Question

Here's a tricky question I saw somewhere, and I've shown it to my friends to see if the know to deal with it, (But I'm not sure if my version of solving it is correct or not ! )

I wan't to know where's the problem :(

We know that \[\LARGE (-3)^3=-27\]

but...

\[\LARGE (-3)^3=\left[(-3)^2\right]^{\frac32}=\left(3^2\right)^{\frac32}=27\]

and we know that:
\[\LARGE (-3)^3\neq27\]

where's the problem?

(if you wan't I can show you how I think it should be)- with square roots !

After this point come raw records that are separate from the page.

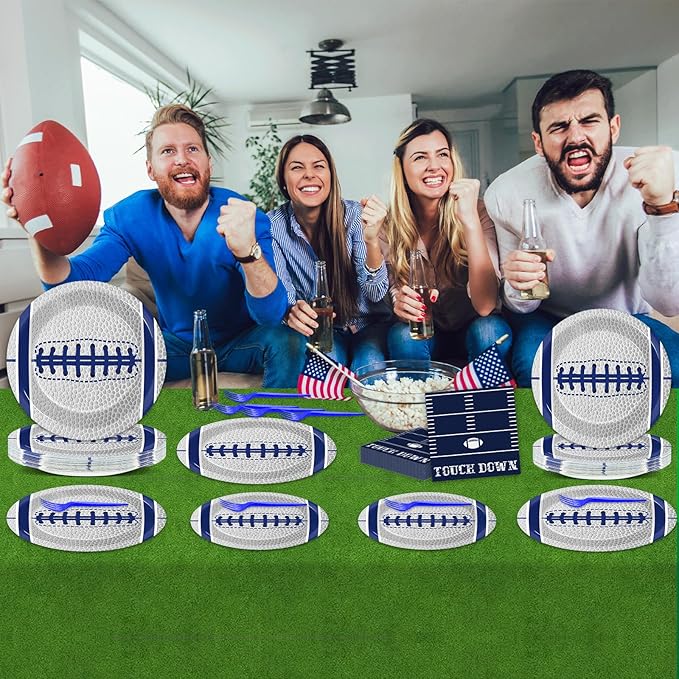 Qyeahkj 25 Guests Cowboys Football Party Plates and Napkins Supplies American Football Team Platters Tableware Set Touch Down Blue & White Decor Favors for Football Fans Boy Sports Team Theme Party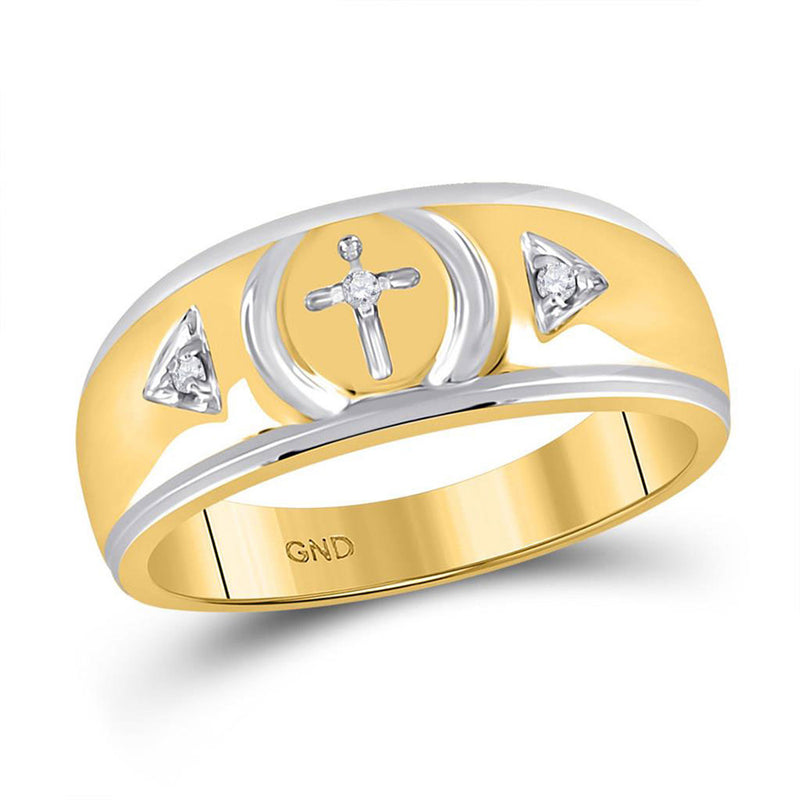 10kt Yellow Gold His Hers Marquise Diamond Cross Matching Wedding Set 1/6 Cttw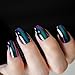 Super Holographic Blue Purple Coffin Nails Mirror Chrome Square Ladies Fake Nails Quality Tips for fingers Z905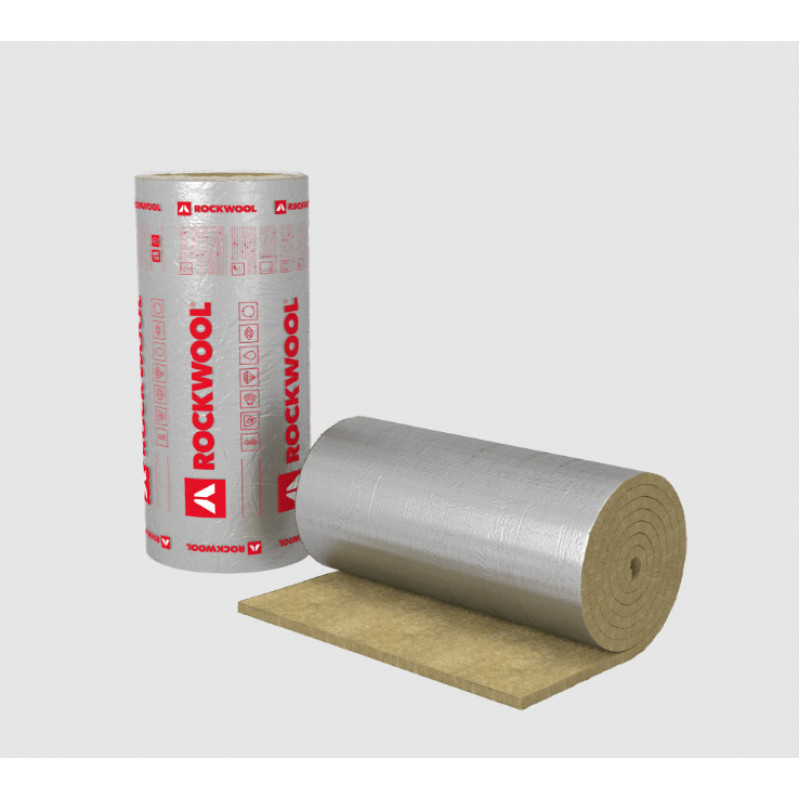 Rockwool Klimamat  (Alu Lamella Mat) Vertikāli orientētas šķiedras akmens vates ruļpaklājs 50x1000x5000mm, iepak. 5.0m2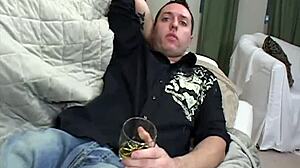 The mature blonde in red stockings got fucked by her stepson on the sofa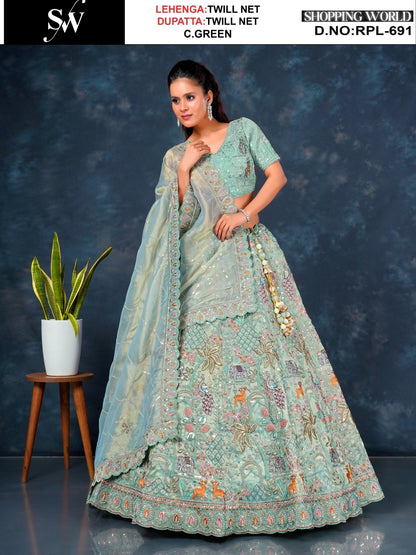 Astonishing Lavender peacock Twill Net Lehenga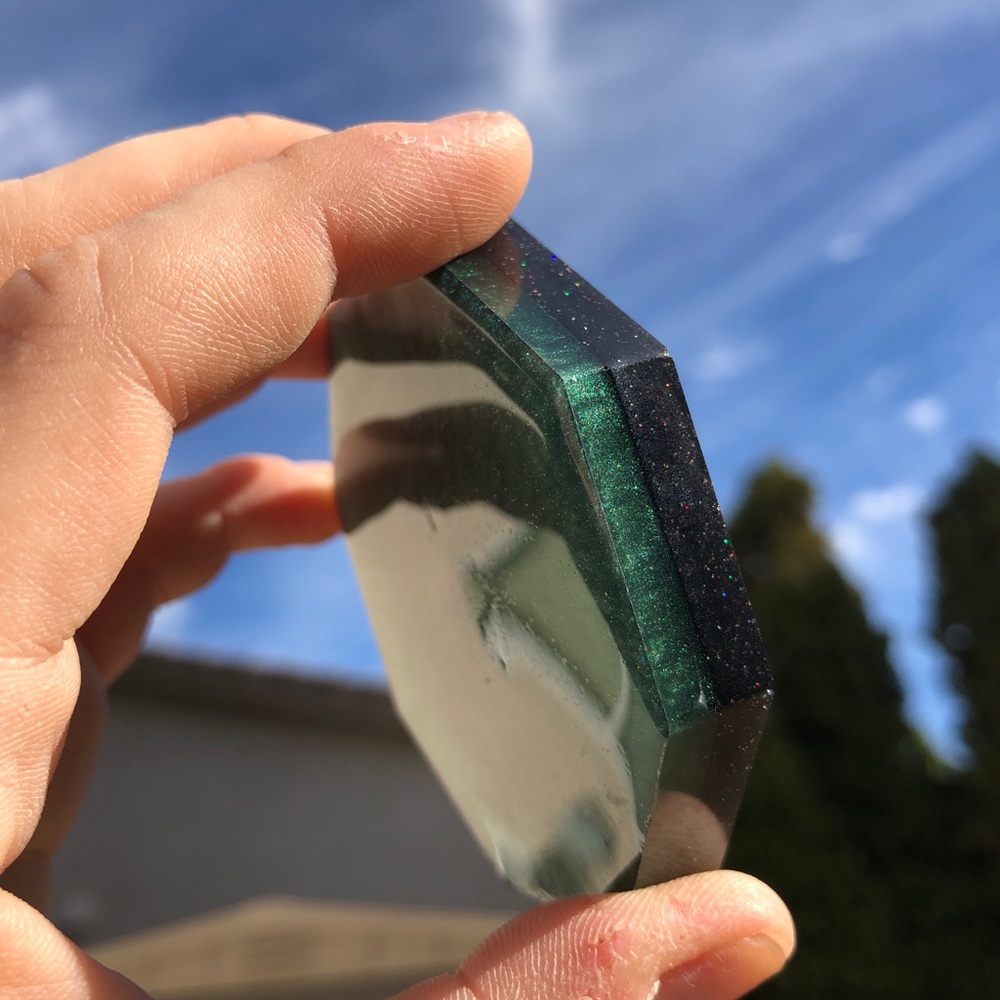 Double sided resin coaster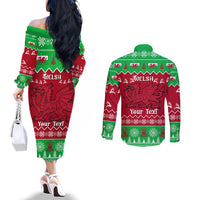 personalised-wales-christmas-couples-matching-off-the-shoulder-long-sleeve-dress-and-long-sleeve-button-shirt-nadolig-llawen-cymru-unique-version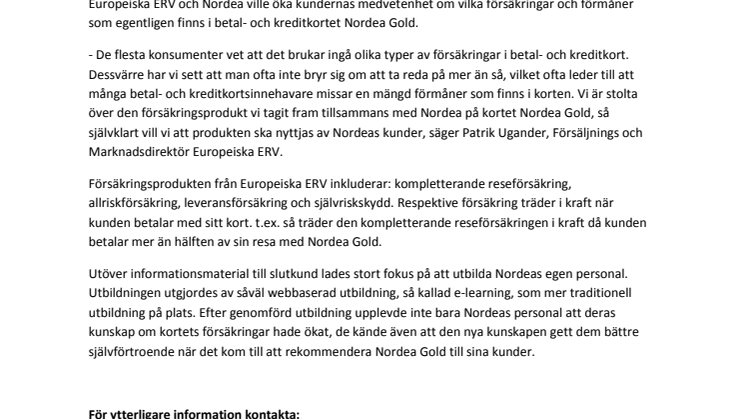 Europeiska ERV synliggör försäkringsprodukten i betal- och kreditkortet Nordea Gold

@Saifoo.khan @FoolForMath @ash2326 @Mertsj ...

Answer 1

sorry for disturbing :( ...

Answer 2

Math killer question.

Answer 3

Would you like me to show what I've done ? @saifoo.khan

Answer 4

You do got the correct point though. But im still confused why we are getting different answers.

Answer 5

When you have
\[\huge {(({-3})^2})^{\frac{3}{2}}\]
this is actually
\[\huge (-3)^\frac{6}{2}\]
which is
\[\huge ({\sqrt {-3}})^6\]
I think square root has to be evaluated first

Answer 6

@ash2326 that's what I'm thinking too ... :(

Answer 7

Ah! Ash got a point though.

I think it's similar to the radical equations we have in which after finding the solutions we have to check the answers.

Answer 8

@Kreshnik are using latex to change color of your posts????

Answer 9

Nope @ash2326 , tags change the colour.

Answer 10

what color ? O_O

Answer 11

@Kreshnik , this highlighting thing.

Answer 12

@saifoo.khan Ohk:)

Answer 13

It didn't change for me @saifoo.khan

Answer 14

You @ash2326 and @saifoo.khan have posts with something like yellow color , Because you mentioned me, as I did to you ! that's why is highlighted !

Answer 15

\[(-3)^{3}=[(-3)^{2}]^{3\div 2}\]....this can't be written as because in this case it will give you imaginary value...because of in the square root never will be a negative numaber.. and therefore you cant break this in this way...

Answer 16

\[\LARGE (\sqrt[]{-3})^3=i(\sqrt{-3})^3 \quad \quad \text{??}\]

if \[\LARGE i=\sqrt{-1}\]

is

\[\huge i=(\sqrt[x]{-1})^y\]

??

Answer 17

Yeah @Taufique is correct, we can't have a negative term inside a square root

Answer 18

Uhh.. sorry, \[\LARGE (\sqrt{-3})^3=i(\sqrt{3})^3\] this is what I wanted to ask , I made a mistake there :(

Answer 19

Rule of indices:

\[\Huge2^{2^{2^{2}}} = 2^{2^ \left({2^{2} } \right) }= 2^{16} =65536\]

But,

\[\Huge2^{2^{2^{2}}} = \left(2^2 \right) ^{ \left(2^2 \right)} = 256 \]

Answer 20

Only the First is correct by the current rule of indices.

Answer 21

Thanks everyone for helping... ;)

Answer 22

Btw I don't think the negative number thing is cogent here. This is simply a problem of using wrong rule of indices.

Answer 23

\[\sqrt{-3} ^{3}\]\[=\sqrt{-1\times3} ^{3}\]\[=\sqrt{-1}^3 \times\sqrt{3} ^{3}\]\[=i^3 \times\sqrt{3} ^{3}\]\[=-i \times3\sqrt{3}\], I think...

Answer 24

we can write X^n=(X^2)^n/2....when n is even number it is true for all X.
other wise when n is odd then X must be non negative number..

Answer 25

Rational powers m/n, where m/n is in lowest terms, are positive if m is even, negative for negative b if m and n are odd, and can be either sign if b is positive and n is even. (−27)1/3 = −3, (−27)2/3 = 9, and 43/2 has two roots 8 and −8. Since there is no real number x such that x2 = −1, the definition of bm/n when b is negative and n is even must use the imaginary unit i, as described more fully in the section Powers of complex numbers.
http://en.wikipedia.org/wiki/Exponentiation

Answer 26

EDIT: \[ \Huge2^{2^{2^{2}}} \neq \left(2^2 \right) ^{ \left(2^2 \right)} \neq 256 \]

Answer 27

Since there is no real number x such that \(x^2 = −1\), the definition of \(\huge b^{\frac{m}{n}}\) when b is negative and n is even must use the imaginary unit i, as described more fully in the section Powers of complex numbers.

Answer 28

Thanks again to everyone for the help :)